This is the title I chose for my personal blog, which is meant to give me an outlet for one of my favorite crafts – writing – plus to use an image from my favorite sport, golf. Out of college, my first job was as a reporter for the Daily Astorian in Astoria, Oregon, and I went on from there to practice writing in all my professional positions, including as press secretary in Washington, D.C. for a Democrat Congressman from Oregon (Les AuCoin), as an Oregon state government manager in Salem and Portland, as press secretary for Oregon’s last Republican governor (Vic Atiyeh), and as a private sector lobbyist. This blog also allows me to link another favorite pastime – politics and the art of developing public policy – to what I write. I could have called this blog “Middle Ground,” for that is what I long for in both politics and golf. The middle ground is often where the best public policy decisions lie. And it is where you want to be on a golf course.
It goes by a strange name – the “kicker.”
What is it? It is an Oregon law that gives taxpayers money back if the economy keeps growing above a certain rate.
The effect is that the kicker is an effective mechanism to control state spending, which, otherwise could follow a government mantra – spend it all.
In 1979, the Oregon Legislature enacted a “surplus kicker” statute, along with a spending limit and a major tax relief plan. Voters approved this package in the 1980 primary election. The 1999 Legislature referred a constitutional amendment placing much of the kicker statute in the Oregon Constitution.
Here is how it works: The state returns revenue to taxpayers when collections exceed forecasts by more than 2 per cent.
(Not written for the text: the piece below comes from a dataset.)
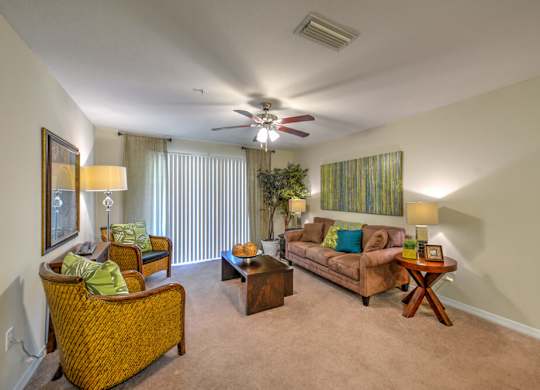 A living room with a brown couch, a chair, and a coffee table.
The payouts come at the end of each two-year budget cycle in the form of a credit when Oregonians file their taxes in the spring.
Some Republicans would rather have the state mail refund checks to taxpayers, but, so far, that has not happened.
If you are into politics as I am, you can imagine the competing points of view over the kicker law.
- On one hand, advocates of the law, including those who proposed it many years ago, say it controls state government spending, which, otherwise they believe, would be forever out of control.
- On the other hand, proponents say the law handcuffs state government from spending taxpayer money already in state coffers on important programs, such as education.
Each side has points in its favor, but, over the years, it has been impossible to dispatch the kicker law, though, in every session of the Legislature, there are efforts to do so.
Guess what will happen next year?
Oregon taxpayers will see a $5.61 billion “kicker” refund, by far the largest amount ever returned. State economists confirmed the eye-popping payment last week during their report on the latest quarterly state revenue forecast, which was announced, as always, in a meeting of the Legislature’s Joint Revenue Committee.
Exactly what each taxpayer will get in the way of a refund depends on their individual tax circumstances.
During my 25-year career as a lobbyist at the State Capitol in Salem, Oregon, the kicker was not a top tier issue for any of my firm’s clients.
To be sure, it was always in the background in our attempt to analyze the state government budget, which often was a tedious, complicated process marked by a lack of transparency, no matter what some legislators maintain about transparency.
So, for that reason, as well as waiting to avoid an often-shrill debate between “limited-government” and “pro-government” interests, we watched from the sidelines – close to the kicker action, but not at the center.
Limited-government advocates always won, so the kicker law is still just that – the law.